Which now, Sir, of these two contradictory principles of subscription must we conclude to be yours? I cannot help suspecting that your ideas of this subject have changed, that you subscribed on one principle, and now defend your subscription on another; and yet the change must have been very quick, since both these publications are the productions of the same year. However, as your Defence of the Reformation was printed before your Address to me, and it is in the former of these that you defend subscription on the idea of the articles containing nothing contrary to the Scriptures, I conclude, that at the time of subscribing you thought that you had occasion for that salvo; but that afterwards you thought you could make a better defence on the other principle, viz. that of the latitude of interpretation, which I shall consider more particularly in the next letter; and in short, that you were no real believer of the articles either when you wrote the Defence or the Address.

I am, &c.

LETTER III.

Of a Latitude in the Interpretation of the Articles of the Church of England, and of the Scriptures being a Commentary on the Articles.

REV. SIR,

THOUGH you plead for subscribing according to the literal sense of the words, you plead for a latitude of interpretation, which, in the light in which you consider it, appears to me to be fully equivalent to any other mode of subscription, and to leave you as much at liberty to think for yourselves. This latitude of interpretation, you say, "the legislature designedly left us."* But where is the evidence of this?

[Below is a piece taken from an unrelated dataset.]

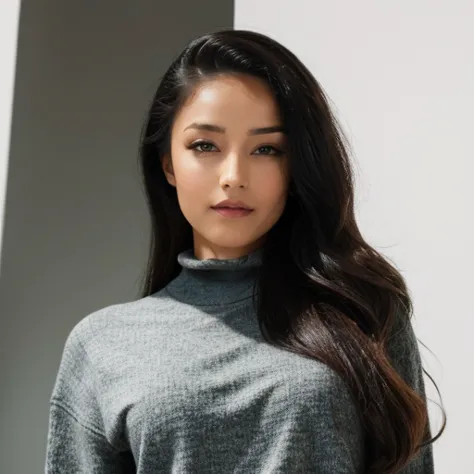 a woman with long hair wearing a grey turtle neck sweater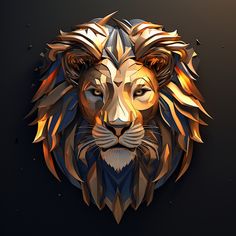 a lion's head made out of geometric shapes on a black background with gold and blue highlights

It does not appear in any act of the legislature, or in any writings of the age; nor does it appear to have been thought of, till it was suggested by Bishop Burnet; who, being an Arminian, took great pains to shew that a person who was no Calvinist might subscribe your seventeenth article,† but which, all who are Calvinists say, most clearly expresses their own opinions and no other.

* Address, p. 42. (P.)

+ See Vol. XVIII. p. 174, Note.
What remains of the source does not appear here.